***** RECORDS PROVIDED
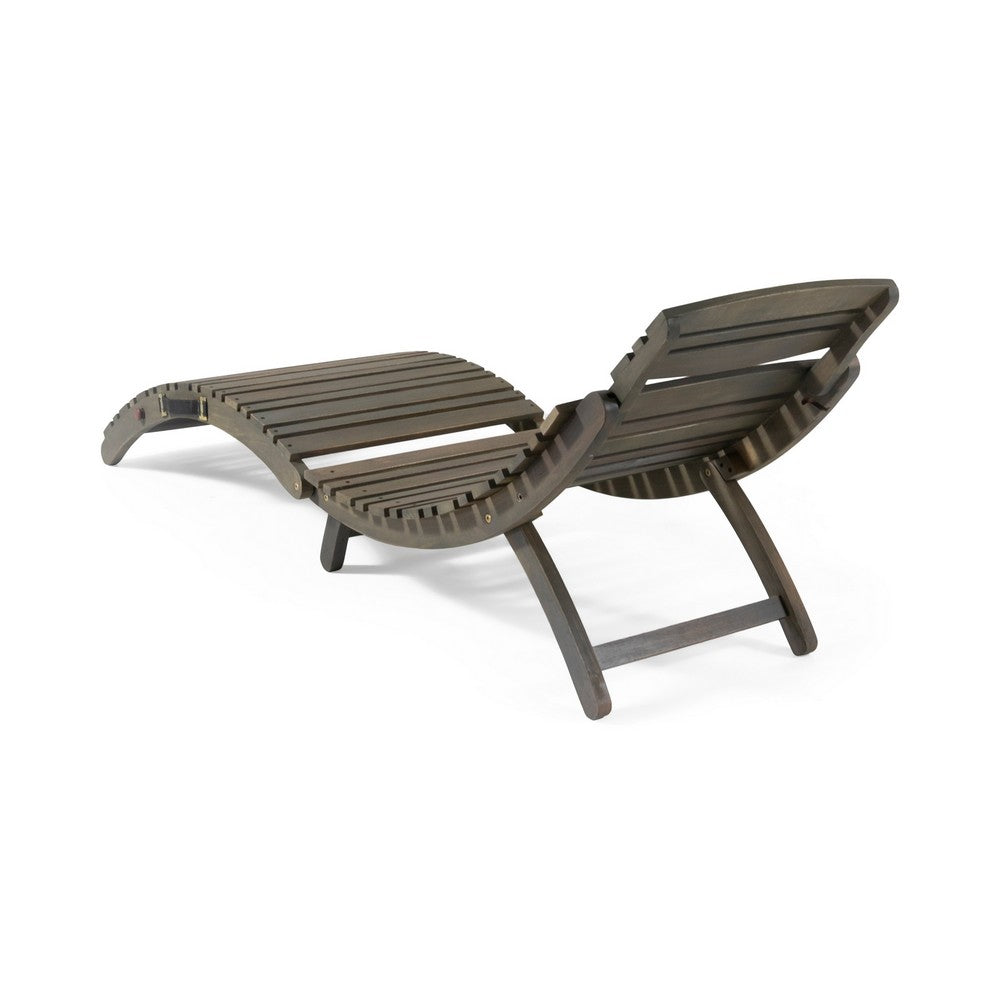 Hanie Outdoor Foldable Chaise Lounger, 73 Inch, Slatted Gray Acacia Wood By Casagear Home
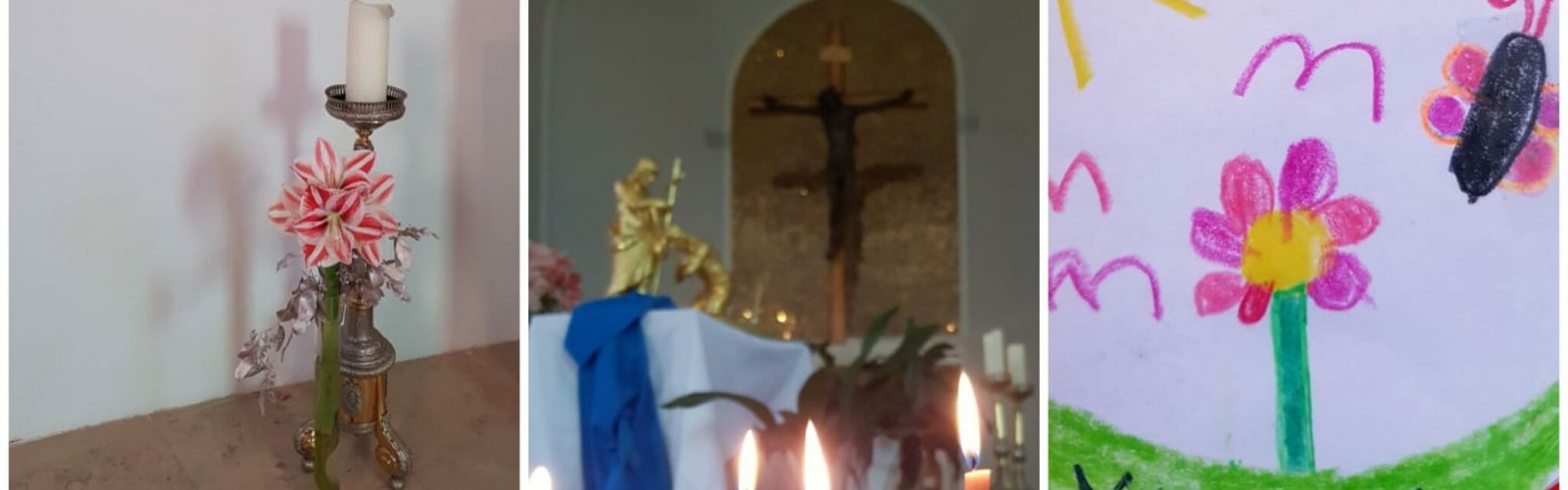 Zeichnungen von Erstkommunionkindern, die Blumen, Sonne und Gesichter zeigen. Kerzen brennen vor dem Altar, wo der Deckel des Taufbeckens liegt. © Renate Kletzl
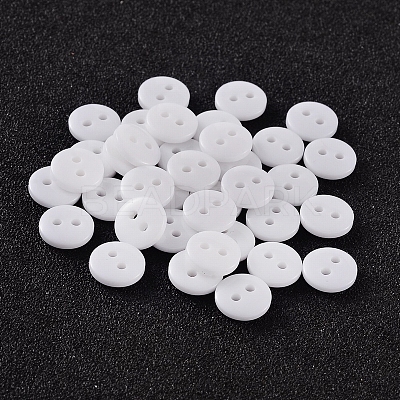 2-Hole Flat Round Resin Sewing Buttons for Costume Design BUTT-E119-18L-19-1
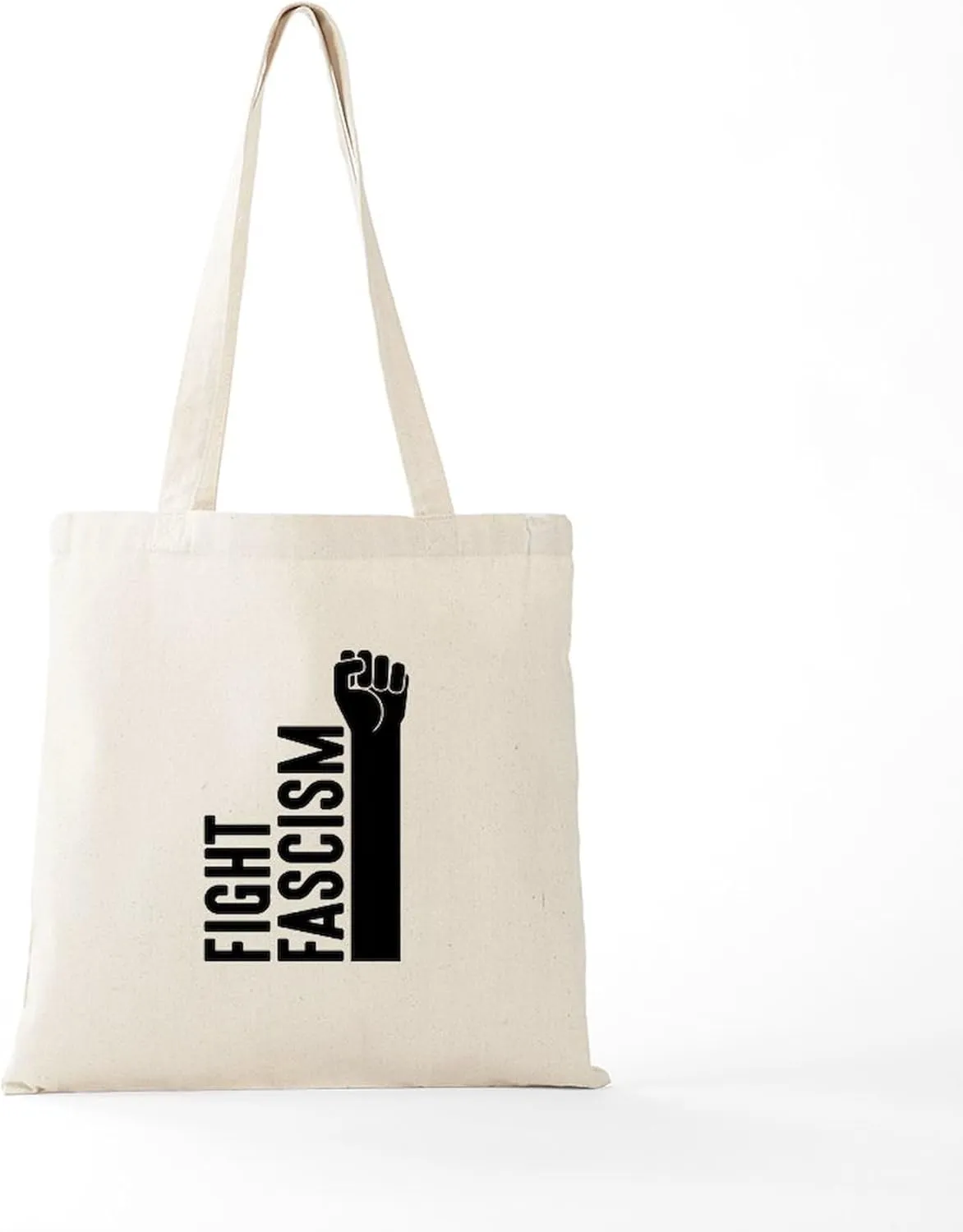 CafePress Fight Fascism Tote Bag Natural Canvas Tote Bag, Reusable Shopping Bag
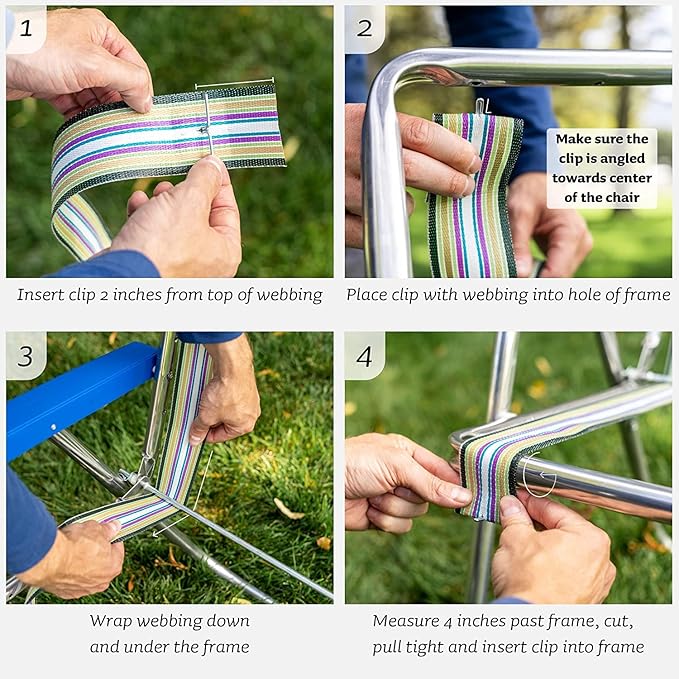 Lawn Chair USA Chair Replacement Lawn Chair Webbing - Webbing for Lawn Chairs. UV-Resistant Straps Made with Durable - Photo 5
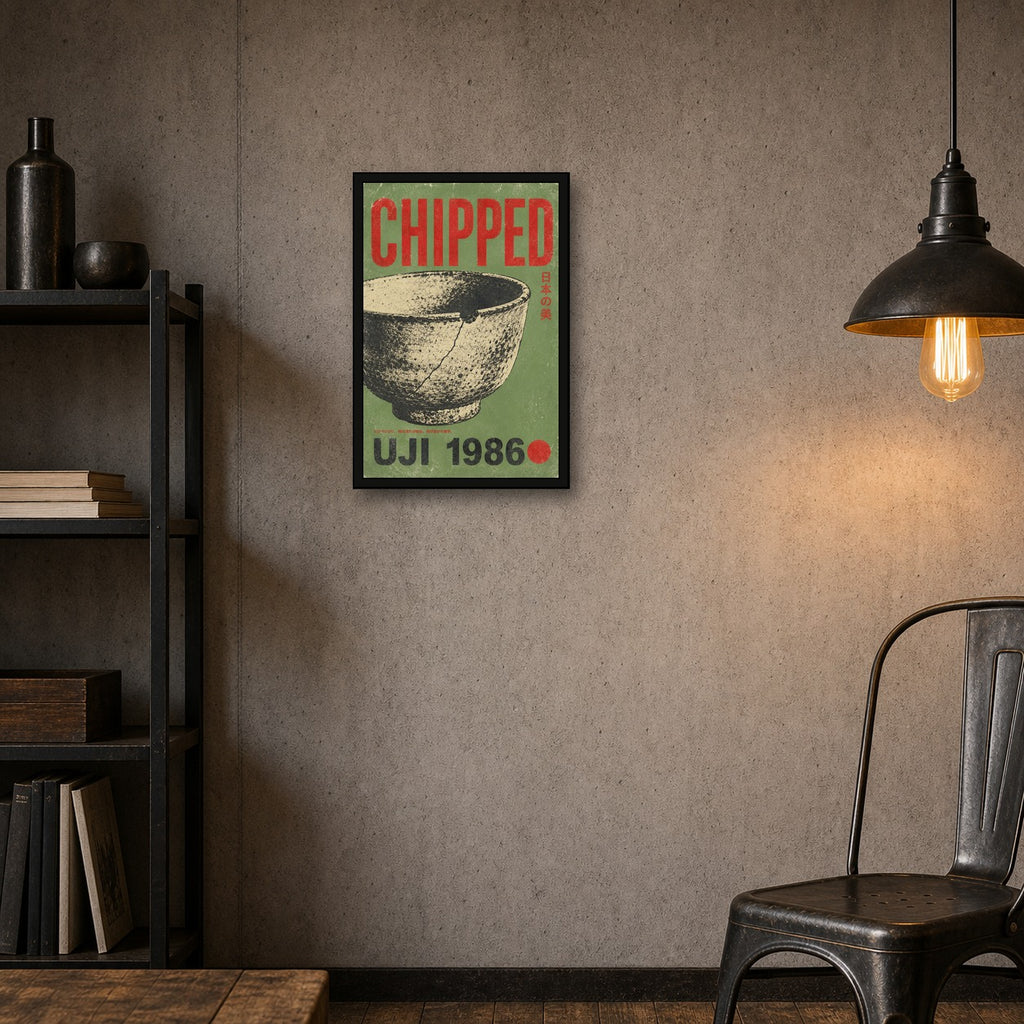 Wabi-Sabi Tea Bowl Poster, 'Chipped' Japanese Art Print, Rustic Green & Red Aesthetic Wall Decor - 2x3 room mockup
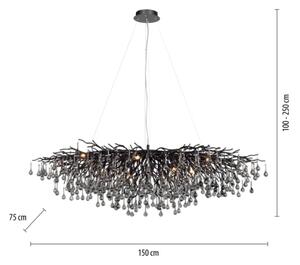 Paul Neuhaus 2031-18 - Závesný luster na lanku ICICLE 15xG9/40W/230V 75x150 cm čierna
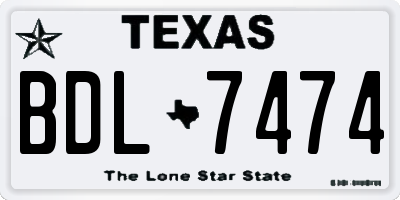 TX license plate BDL7474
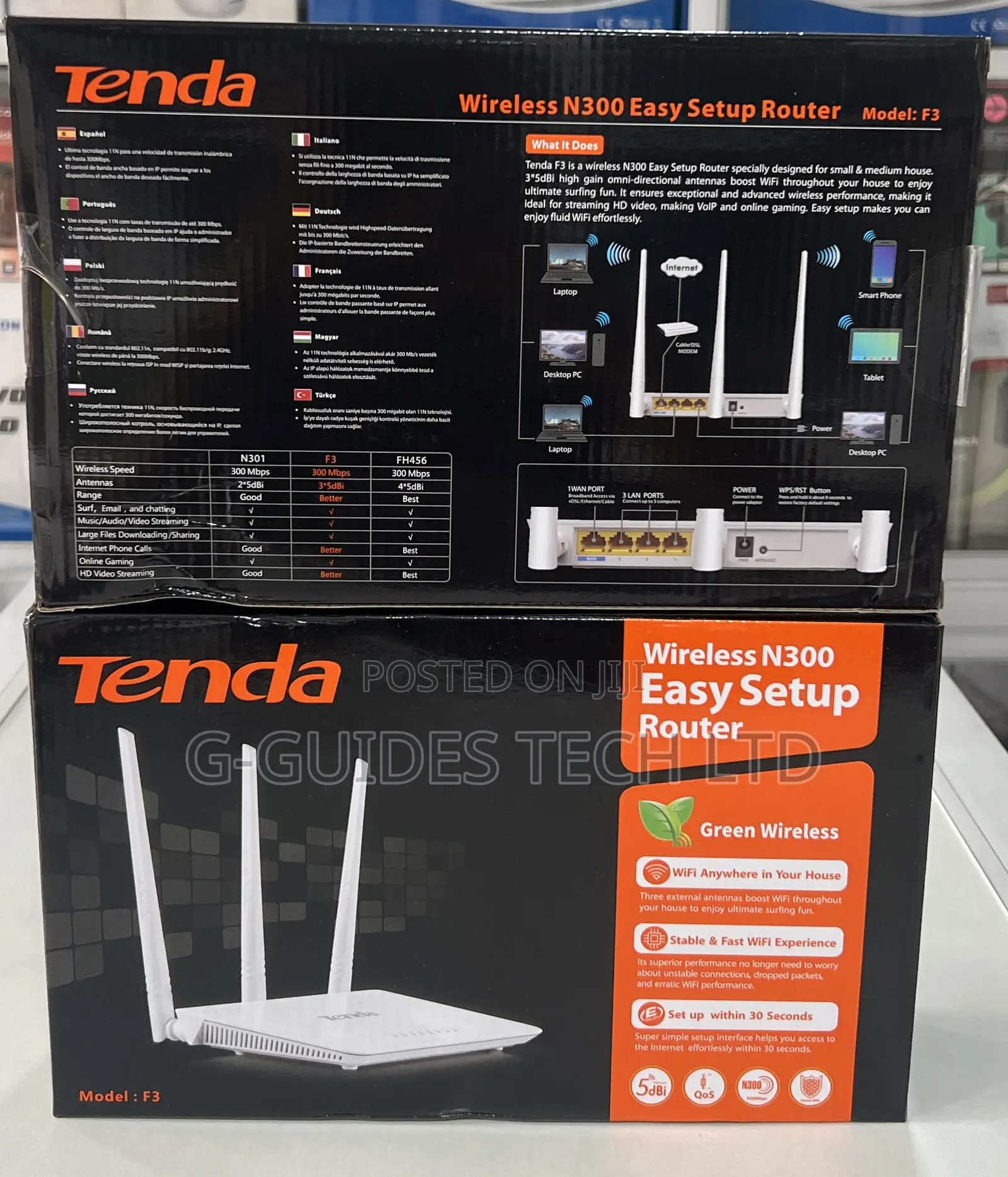 Tenda Wireless N300 Easy Setup Router F3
**********
**TASK INSTRUCTIONS**
Copy nothing but the lines from the top of the data down to the line containing "CafePress Fight Fascism", and leave the pictures out.

**RESULT**
 Hanie Outdoor Foldable Chaise Lounger, 73 Inch, Slatted Gray Acacia Wood By Casagear Home
 Zeichnungen von Erstkommunionkindern, die Blumen, Sonne und Gesichter zeigen. Kerzen brennen vor dem Altar, wo der Deckel des Taufbeckens liegt. © Renate Kletzl
 2-Hole Flat Round Resin Sewing Buttons for Costume Design BUTT-E119-18L-19-1
 CafePress Fight Fascism Tote Bag Natural Canvas Tote Bag, Reusable Shopping Bag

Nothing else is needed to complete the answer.